L’Estado Novo si reggeva essenzialmente su due pilastri: un meccanico sistema corporativo e un ferreo controllo poliziesco. Di quest’ultimo, la PIDE ne deteneva lo scettro. Fu una delle polizie segrete più temute d’Europa. Diretta responsabile di torture, omicidi politici e di una capillare rete di spionaggio interno. Le sue sorti iniziarono ad incrinarsi al volgere dell’ultimo decennio della dittatura. Le lunghe e disastrose guerre coloniali in Angola, Mozambico e Guinea-Bissau logorarono l’esercito e impoverirono la madrepatria. I giovani ufficiali, costretti a combattere in Africa per difendere un impero ormai anacronistico, persino agli occhi di alcuni esponenti dell’ultra destra nazionalista, maturarono un crescente risentimento verso il potere centrale, fino a organizzarsi nel Movimento delle Forze Armate (MFA).
Quando quel malcontento si trasformò in azione, l’azione divenne un colpo di Stato. Fortunatamente incruento e senza spargimenti di sangue. L’unico colore rosso che si vide in giro fu quello dei garofani. E mentre Henri Bureau fotografava il presunto poliziotto della PIDE, contro il quale si era accanita la gente del posto, Michel Puech, che seguiva il fotoreporter passo passo, prendeva nota.

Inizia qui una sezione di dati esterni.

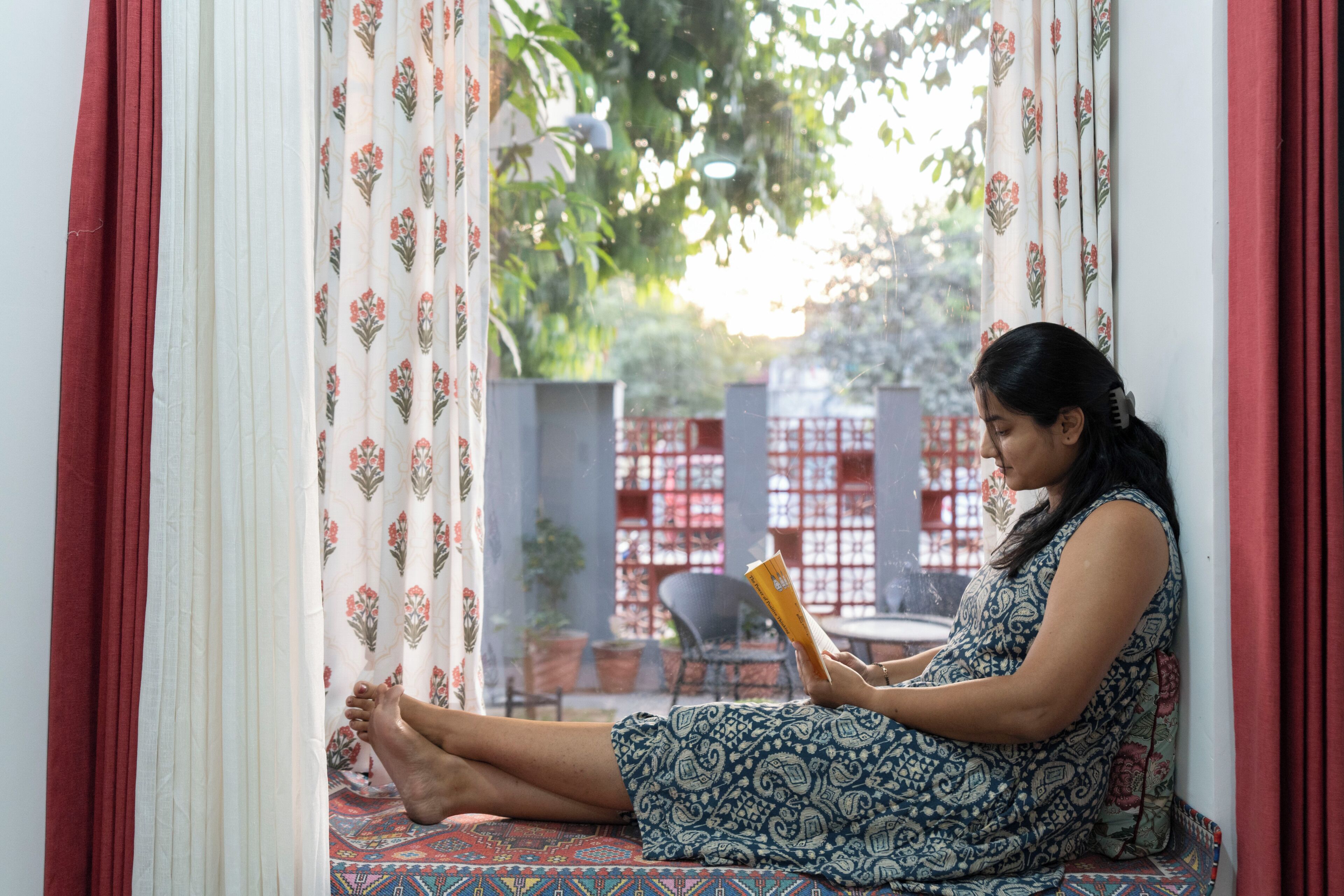 A person sitting on a patterned sofa by a window with curtains, reading a book.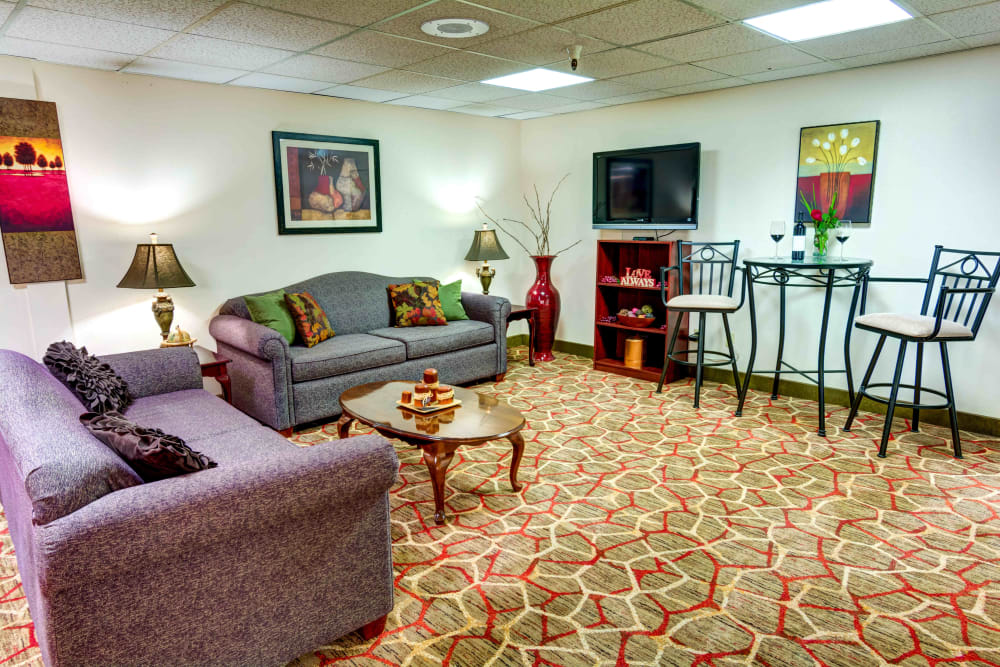 Lounge area with comfortable sofas and a flatscreen TV at Junction City Retirement and Assisted Living in Junction City, Oregon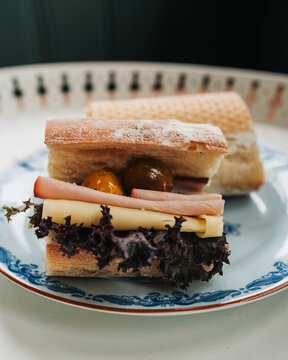 close up of a sourdough sandwich on a plate in a cafe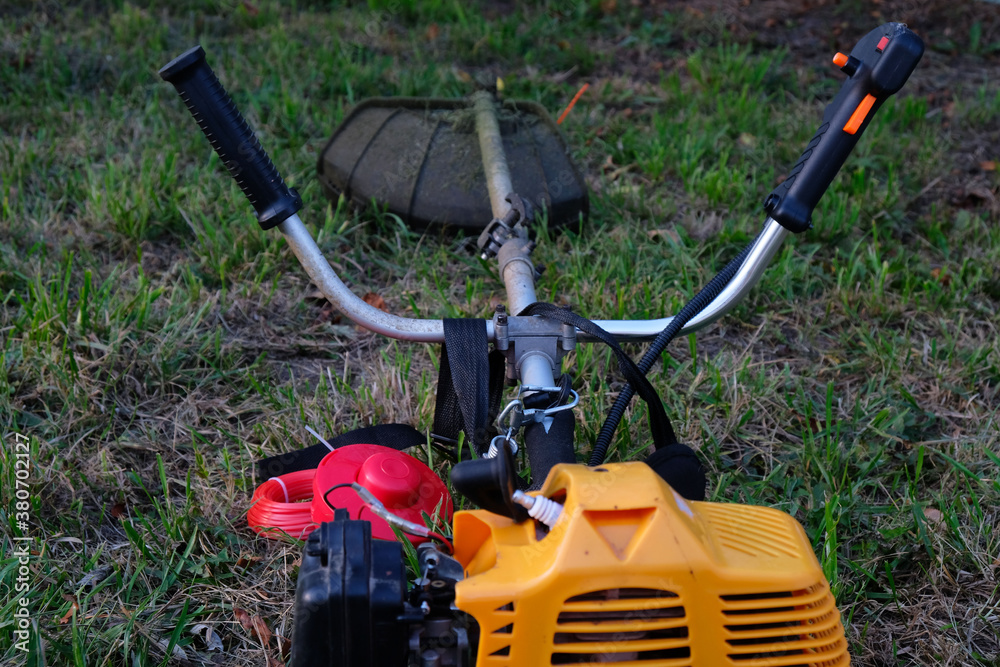 grass trimmer on the background of the lawn grass trimmer on the background of the lawn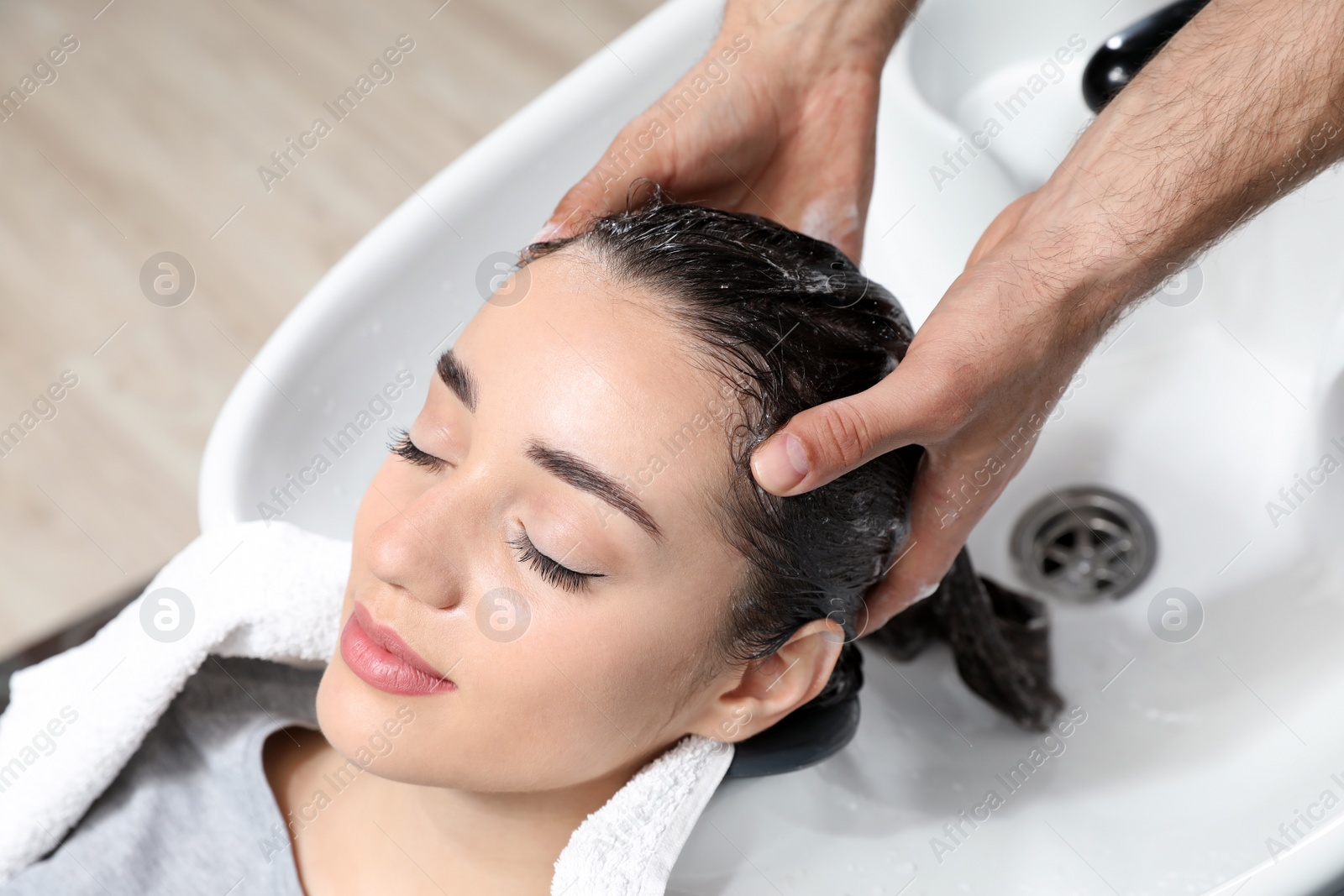 Photo of Stylist washing client's hair at sink in beauty salon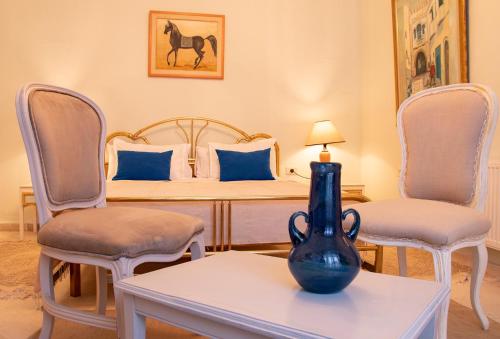 a bedroom with a bed with chairs and a vase on a table at Dar Yessine Boutique Hôtel in Sousse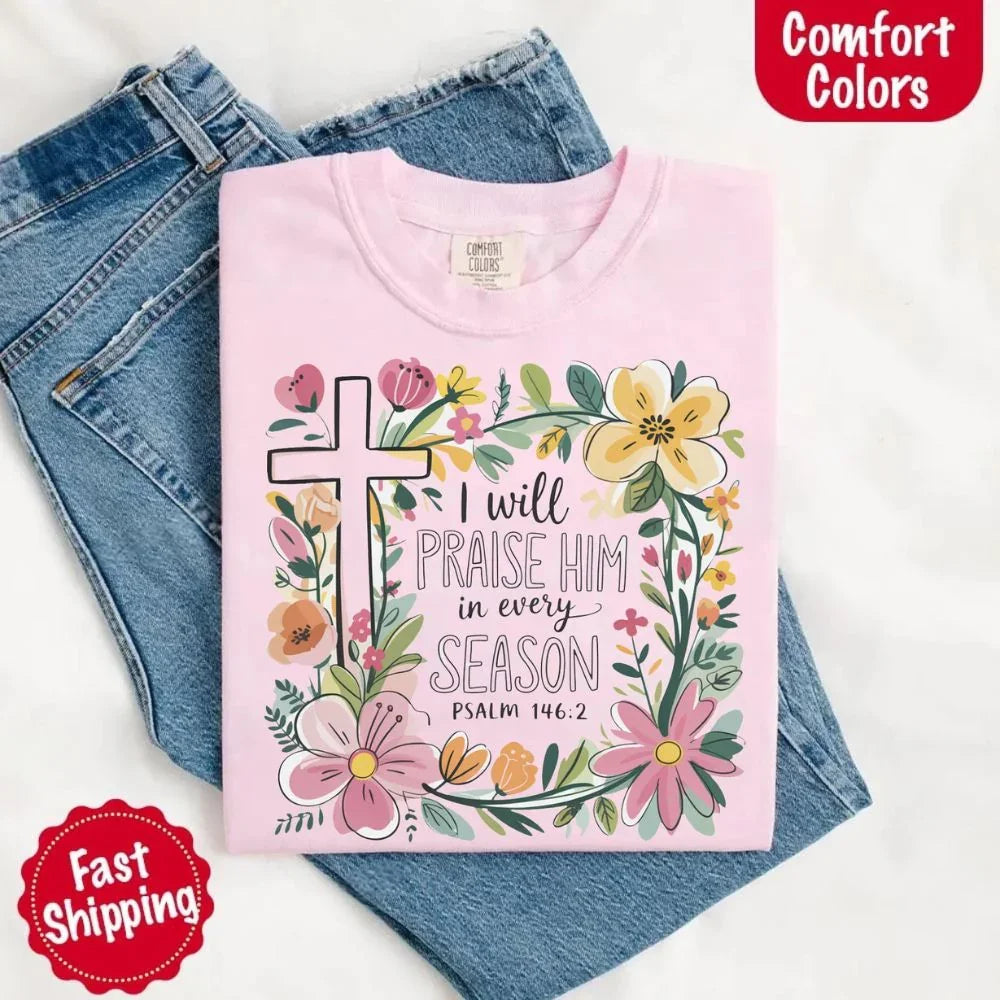 Light pink Comfort Colors crewneck tee with floral cross and scripture text graphic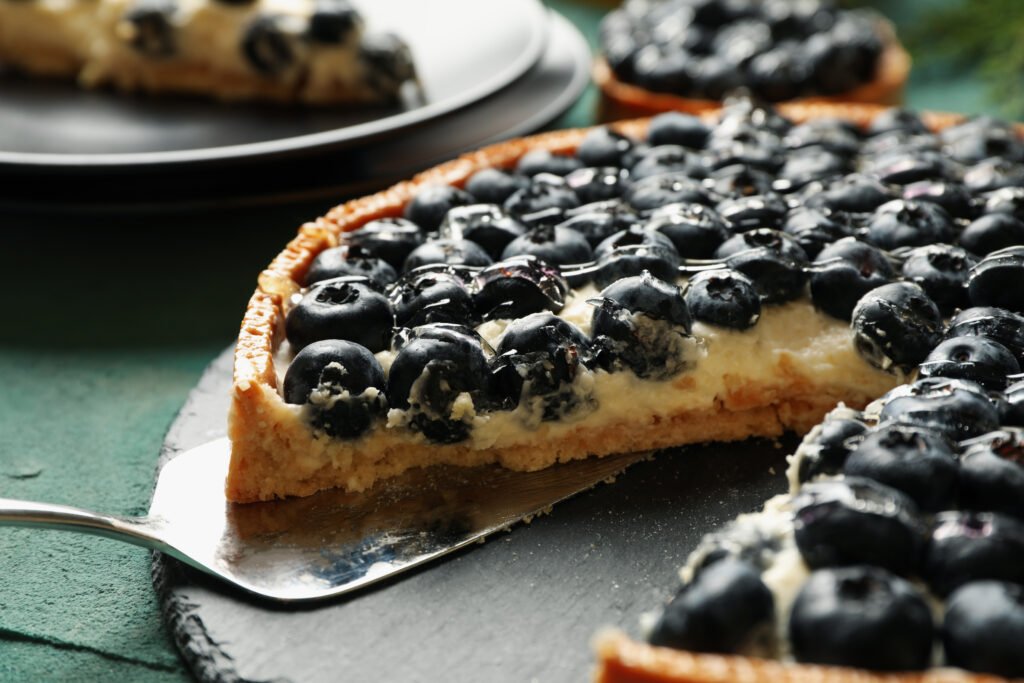 Concept of tasty lunch with blueberry pie on green background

Puech ricorda l’atmosfera di una città in ebollizione, “una Lisbona come la Parigi liberata”, con la folla che correva da un punto all’altro, spinta dall’emozione di un sogno che finalmente sembrava realizzarsi. Racconta che Bureau, mentre sorseggiava una birra accanto al centro stampa allestito dai militari, si alzò di scatto non appena vide un movimento anomalo nella piazza del Rossio. Lo seguì, curioso, e insieme si imbatterono in quella scena. Disse: “la folla inferocita urlava ‘PIDE! PIDE!’. L’uomo cercò rifugio in un negozio, ma i soldati arrivarono poco dopo, lo trascinarono fuori e lo circondarono con i fucili puntati. Bureau scattò in quell’istante, catturando l’essenza di un momento irripetibile”.